Yo, okay, so I’ve been pretty absent because I experienced some serious burnout when it came to writing about games and such. My heart wasn’t in it–the atmosphere around the games writing community at the time was something akin to inhaling secondhand smoke.
Anyway, I’ve decided to relaunch my site with some thoughts on the movie Mad Max: Fury Road.
I should clarify that I haven’t seen the previous three (though I’m gettin’ right on that). But holy hell was Fury Road a good movie. Frustratingly good, in the best and worst ways. See, it’s with a dash of cynicism that I have to say there probably won’t be anything that comes close to Fury Road in terms of execution for a while.
It’s stylish, vibrant, unreal to emphasize depravity and survival. For once, the boatloads of blues and oranges actually function–most stuff today will use these colour filters and pretty much ruin a movie visually. Every film now looks like the godawful low-budget horror flicks you find while trawling through Netflix. Oh boy, another zombie/vampire/whatever movie awash in in grey blues, sickly greens, and acid oranges that only work to make this the most boring thing to have to look at with my poor, abused eyes.

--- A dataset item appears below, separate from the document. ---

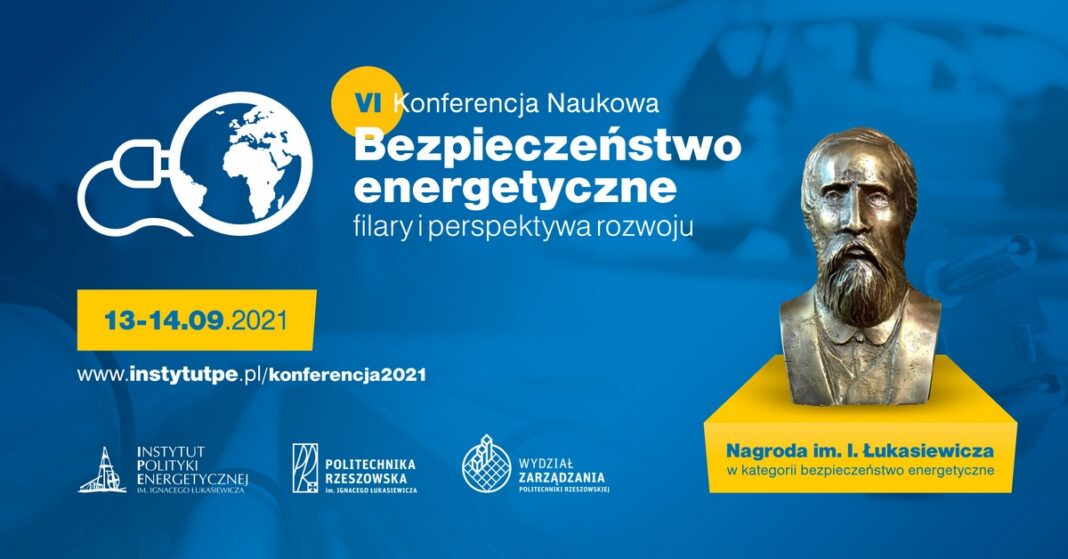 VI Konferencja „Bezpieczeństwo energetyczne – filary i perspektywa rozwoju”. Grafika: Instytut Polityki Energetycznej im. Ignacego Łukasiewicza.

But colour is used in Mad Max skillfully, to set tone and atmosphere, and there ends my spiel about something really basic that I’m super sick of.
Also: great practical effects make for the best two hour car chase in movies. Old ladies doing their own stunts! Explosions that are actually cool! Downright amazing costume design! It’s all so ridiculous, but measured, the work of veterans, and it’s so much fun.
Mad Max remembers what makes action movies great, and that’s not action all the time, never ending, never giving you a moment to breath to actually absorb what the heck just occurred, to really chew the cud of that fight or car crash or whatnot. Rather, it builds tension, anticipation, it gives the characters and audience the space to explore themselves, and there might not be MUCH there, but there’s something, and it holds emotional weight–its substantive when it could’ve very easily been empty calories.
It’s just really satisfying, being able to sit for two hours watching a car chase and somehow be totally enthralled. Like, is this for real? Am I doing this and loving it? These are the same things I asked myself while playing Wolfenstein: The New Order. How did I manage fifteen some-odd hours killing Nazis and not be bored out of my skull? Did I forget how Liking Things felt?
Maybe it’s because for once, characters felt like people, women were treated as people (honestly, the bare minimum, so applauding anything that achieves this is a double-edged sword), and waves of lore obviously waiting for you to construct a whole wikia subdomain out of them are nowhere to be seen.
Don’t misunderstand, there’s a huge world under the hood there. There’s tons to see in the wasteland. The worldbuilding is respectable and impressive. But Mad Max gives you only what you need, enough to make its premise work, and a respect for audience that gives us room to figure the pieces together to our satisfaction and on our terms.
And this is what makes Fury Road frustrating in a way, because hey, it is good. It’s excellent even. Yet it’s even moreso in light of how bad so much stuff is. Marvel’s dumbfuck superheroes are the biggest movie franchises right now and I’m still like, crying a bit inside with amazement that I was able to actually sit through the entirety of Guardians of the Galaxy, let alone like it.
Mad Max: Fury Road should be a lesson to filmmakers and movie studios, and even with Jurassic World on the horizon, I’ll probably go back to ignoring basically every movie that comes out for the rest of the year because I’m too busy fuming at how good this one is.